Read Yes I Can: The Story of Sammy Davis, Jr. Online

Authors: Sammy Davis,Jane Boyar,Burt

Yes I Can: The Story of Sammy Davis, Jr. (51 page)

“I’m sorry, baby. I really am. But Will called a meeting.”

“My God, what do you talk about in those meetings every night?”

I sat back in the seat. “Trio business.”

He gestured toward the chauffeur. “Have you any idea where Jeeves is taking us?”

“Brooklyn.”

He groaned. “Couldn’t you have found a benefit a little closer?”

“Baby, it’s a drag and I don’t like it any more than you do.” I pulled out the jump-seat and rested my feet on it. “It’s just a quickie
‘Glad to be here folks,’ a song, and good-bye. But I’m going to catch thirty winks or I may not make it up the stairs to the stage.”

As I turned and got comfortable, he muttered, “Don’t worry about me. I’ll hum to myself.”

The MC was saying, “… the moment we’ve all been waiting for, here he is, Mr. Wonderful himself …”

I did two songs. The audience was applauding, calling for more. The M.C. tried to help me off. “We can’t impose on Mr. Davis any longer. He has no more arrangements with him, he wasn’t able to bring his own accompanist along….”

Their reception had been so warm that I hated to leave. I held up my hands. “Thank you, but I like to think of myself as an ‘entertainer’ not just a performer, and if I can’t come out here and entertain you with no more than a pocket comb and tissue paper then I should get out of the business. So, if you’ve got nowhere to go….”

An hour later George was in the wings as I came off. “Just a quickie song and good-bye? Really.” He wanted to play it chic and bored but he was having trouble. “You’d think I see you perform enough in
Mr. Wonderful
. Whatever that is.”

I handed him the plaque. “Just a little something to let you see what people think of your star.”
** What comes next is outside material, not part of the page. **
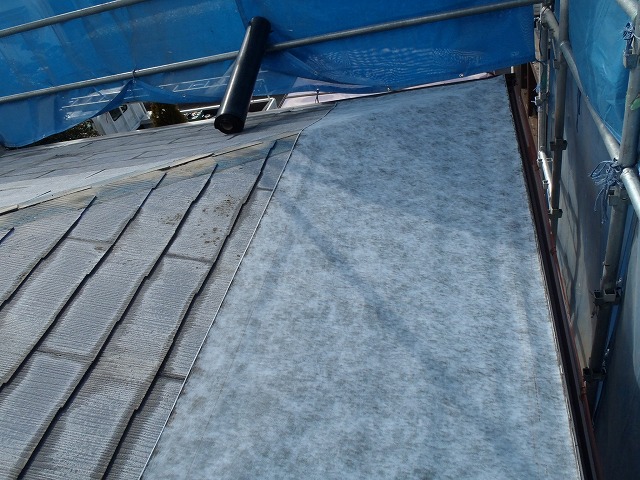 守山区で屋根カバー工事に伴い既存カラーベストの上へ防水シートを施工、屋根カバー工事は解体不要でコスト削減！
The car headed for New York and I asked the driver to take us to the Harwyn. I turned to George. “Now here’s the skam: it’s a little sip and sup over champagne and steak sandwiches—a definite see and be seen.”

“By which columnist this time?”

“George, while you’re concocting your vicious remarks old Sam is thinking, thinking—always thinking. Now, it happens that waiting for us at the Har are Milton and Amy Greene, Chita, Michael, plus a model by the name of Harlean Harris whom I happened to meet on the cover of
Ebony
magazine.” I closed the window between us and the chauffeur. “Aside from the fact that she’s a very wholesome, sweet kid and one of the great-looking chicks of all time, she happens to be colored. Y’dig? Let ‘em just
try
to say ‘He was with a blonde.’ ”

“Well, just don’t do any table-hopping.”

“Baby, I’m going to stick so close to her that she’s gonna forget she’s colored and think she’s
Siamese
!”

The Harwyn’s doorman held the front door open; the hat check girl smiled admiringly at my plaque as I handed it to her; Ed gave
me a tremendously warm hello and as I hit the main room the band swung into
Mr. Wonderful
. I waved to them and slid onto the seat next to Harlean. Sorry I’m late. Good evening, everybody.”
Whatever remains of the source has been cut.